TASK REQUIREMENTS: Every entry in the following listing must be restated word for word, though not its pictures.

__________

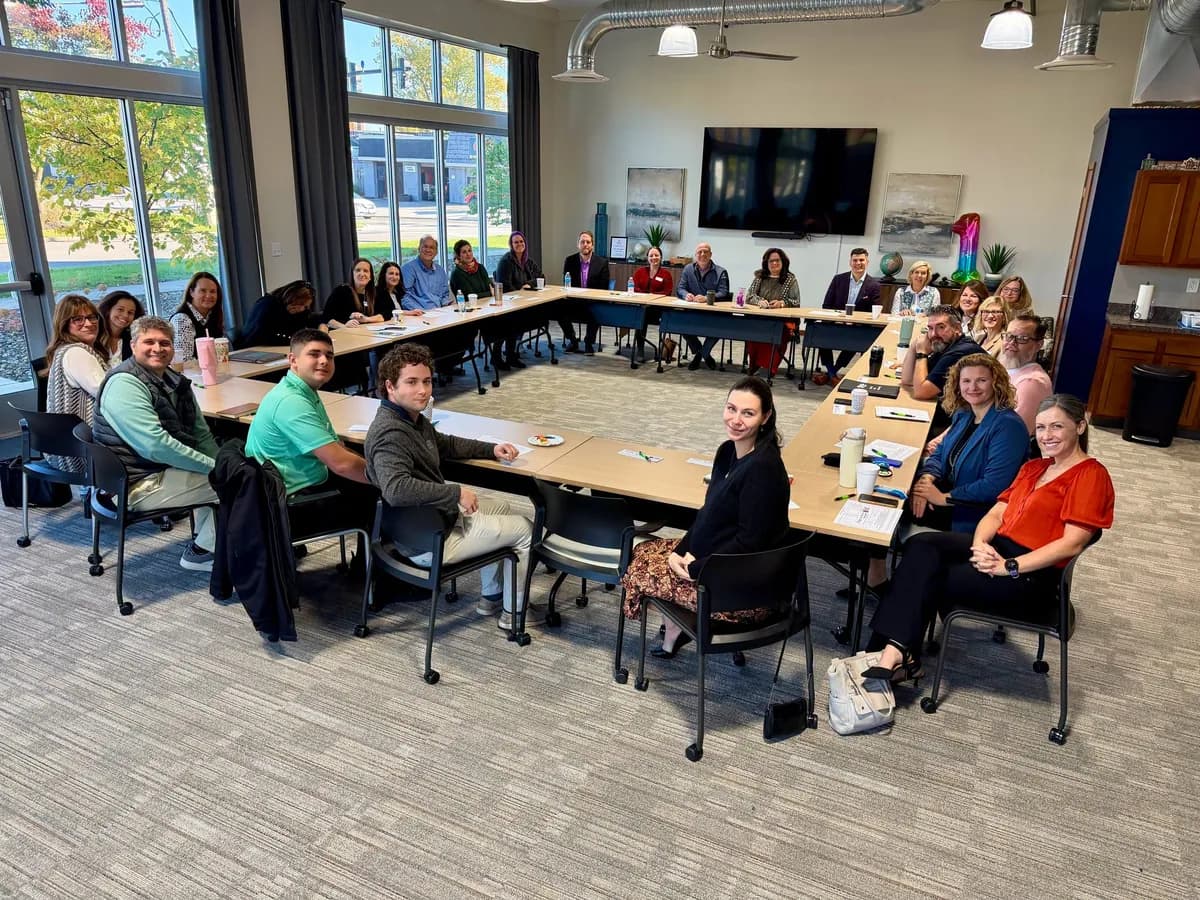 Chamber members at a community event, Greater Medina Chamber of Commerce, Medina Ohio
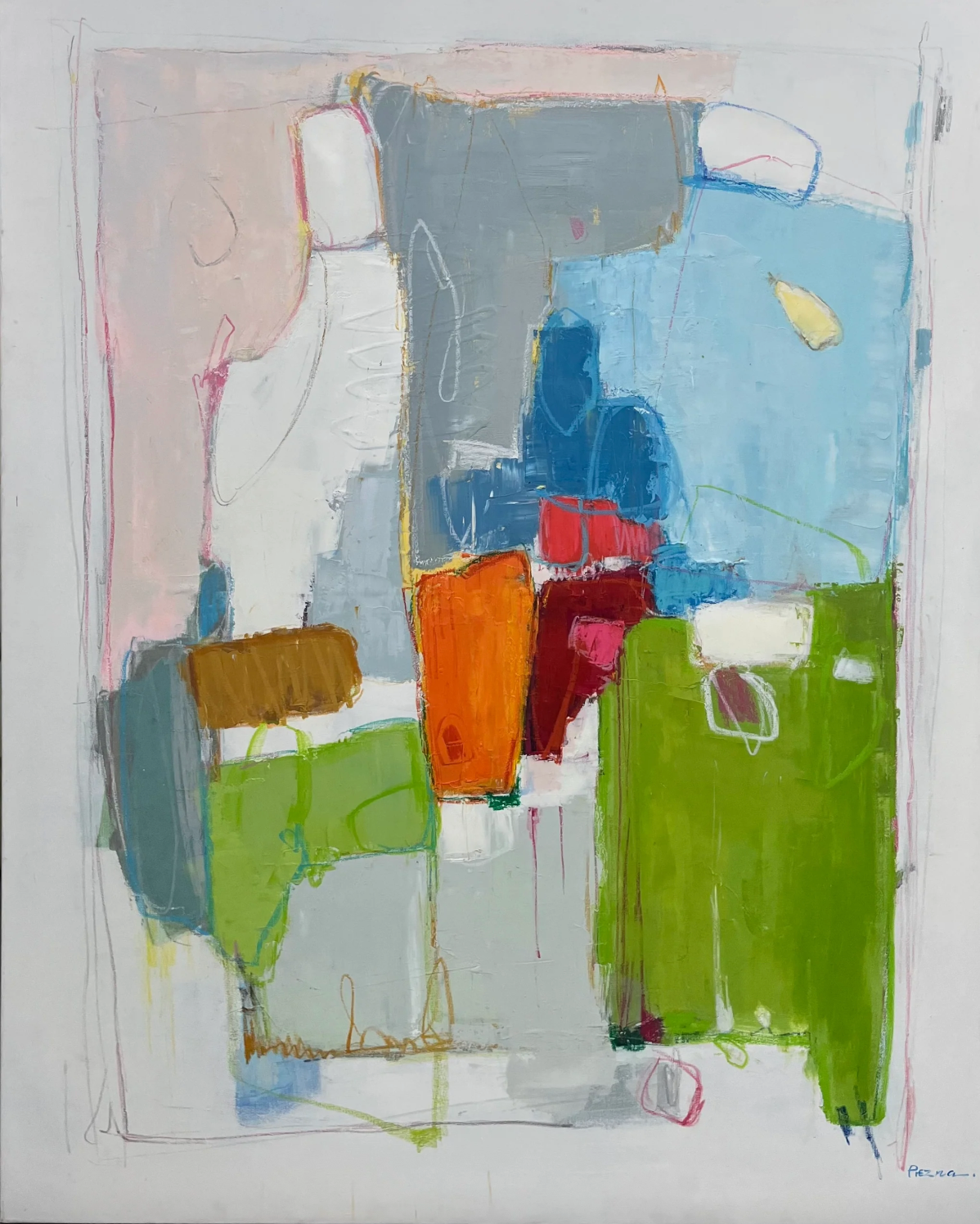 Abstract 48 x 60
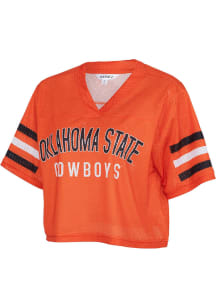 Oklahoma State Cowboys Womens Field Goal Fashion Football Jersey - Orange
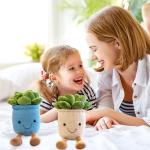 Succulent Plush Toy Set - Cute Flower Pot Pillows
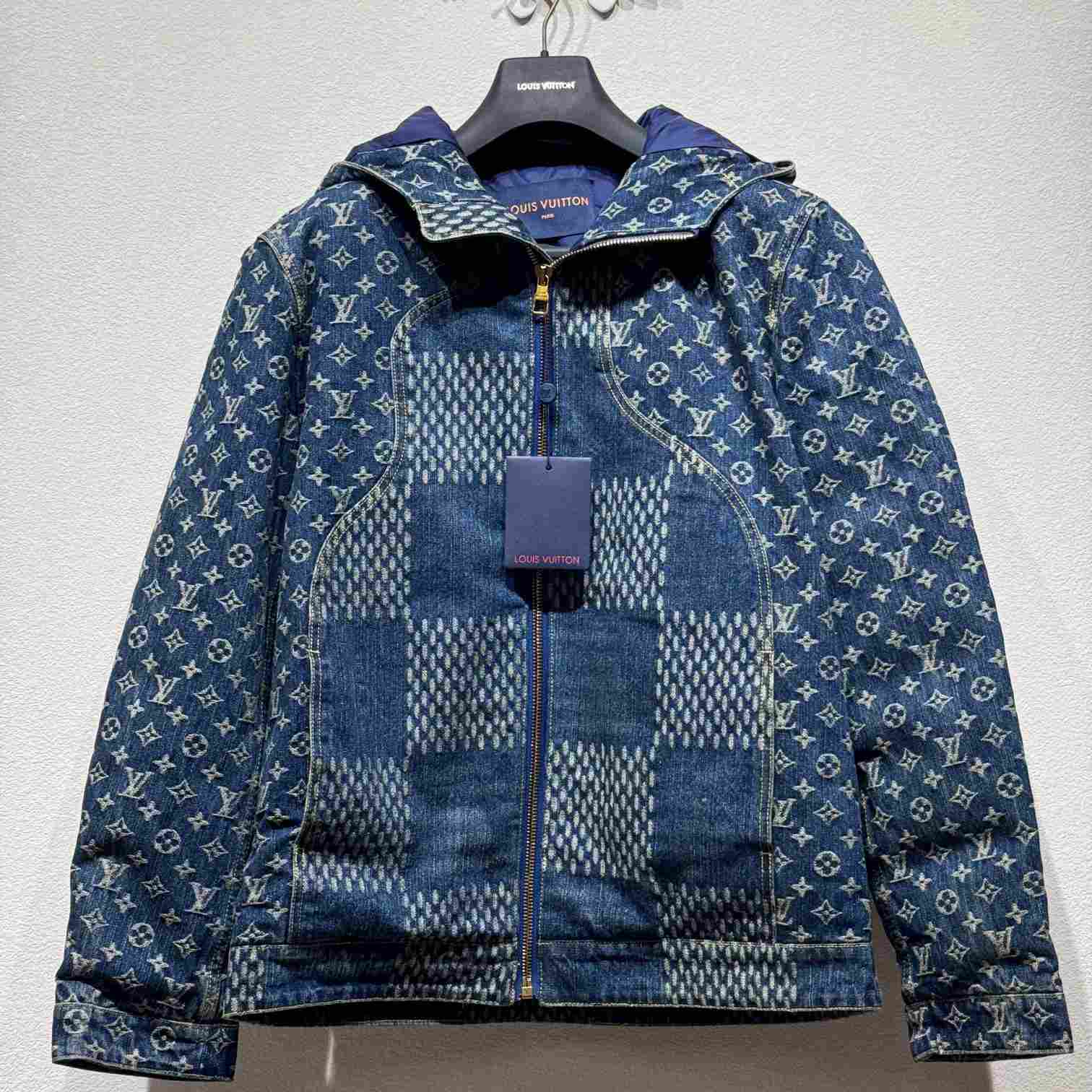 Louis Vuitton Wave Damier Denim Jacket - EUR FASHION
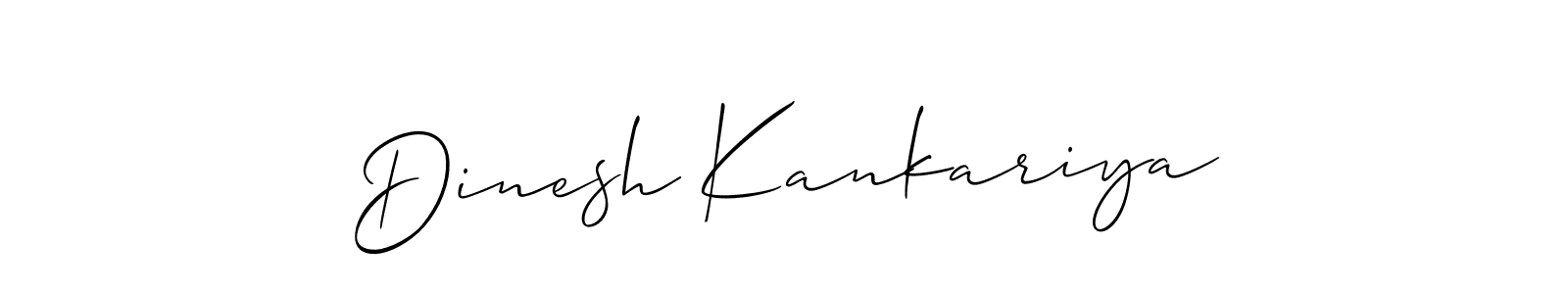 Best and Professional Signature Style for Dinesh Kankariya. Allison_Script Best Signature Style Collection. Dinesh Kankariya signature style 2 images and pictures png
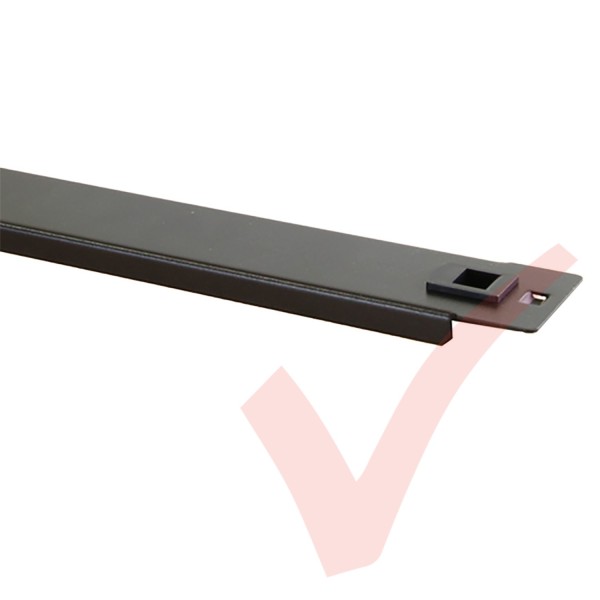 Black 1U Tool Less Blanking Panel 19" Metal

__________

TASK SOLUTION:
 Chamber members at a community event, Greater Medina Chamber of Commerce, Medina Ohio
 Abstract 48 x 60
 Oklahoma State Cowboys Womens Field Goal Fashion Football Jersey - Orange
 Succulent Plush Toy Set - Cute Flower Pot Pillows
 Louis Vuitton Wave Damier Denim Jacket - EUR FASHION
 Best and Professional Signature Style for Dinesh Kankariya. Allison_Script Best Signature Style Collection. Dinesh Kankariya signature style 2 images and pictures png
 Black 1U Tool Less Blanking Panel 19" Metal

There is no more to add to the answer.